### Provided material
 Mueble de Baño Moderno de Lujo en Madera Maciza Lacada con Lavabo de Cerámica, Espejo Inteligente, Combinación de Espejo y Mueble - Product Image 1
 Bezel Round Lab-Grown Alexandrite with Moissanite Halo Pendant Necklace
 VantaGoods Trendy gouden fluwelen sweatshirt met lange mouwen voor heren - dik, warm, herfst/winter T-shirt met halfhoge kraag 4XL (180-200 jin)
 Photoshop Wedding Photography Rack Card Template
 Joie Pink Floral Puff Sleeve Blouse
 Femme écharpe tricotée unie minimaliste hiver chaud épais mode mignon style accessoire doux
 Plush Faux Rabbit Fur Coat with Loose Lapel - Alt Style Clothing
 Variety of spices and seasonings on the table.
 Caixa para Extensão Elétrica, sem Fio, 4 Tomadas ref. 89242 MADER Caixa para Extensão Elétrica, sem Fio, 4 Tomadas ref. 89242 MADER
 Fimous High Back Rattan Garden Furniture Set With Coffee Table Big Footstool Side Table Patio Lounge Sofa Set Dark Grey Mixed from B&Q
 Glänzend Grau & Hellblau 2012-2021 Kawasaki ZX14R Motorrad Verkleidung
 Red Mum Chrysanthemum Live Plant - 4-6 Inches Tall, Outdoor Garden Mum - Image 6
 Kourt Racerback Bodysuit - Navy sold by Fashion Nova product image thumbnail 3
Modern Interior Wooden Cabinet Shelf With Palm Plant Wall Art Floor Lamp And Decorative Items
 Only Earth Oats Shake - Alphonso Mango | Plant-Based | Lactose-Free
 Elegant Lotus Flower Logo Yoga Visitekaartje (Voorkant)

### Work instruction
Please go through the data above and copy every line that has the word "Plant".

### Task answer
 Red Mum Chrysanthemum Live Plant - 4-6 Inches Tall, Outdoor Garden Mum - Image 6
Modern Interior Wooden Cabinet Shelf With Palm Plant Wall Art Floor Lamp And Decorative Items
 Only Earth Oats Shake - Alphonso Mango | Plant-Based | Lactose-Free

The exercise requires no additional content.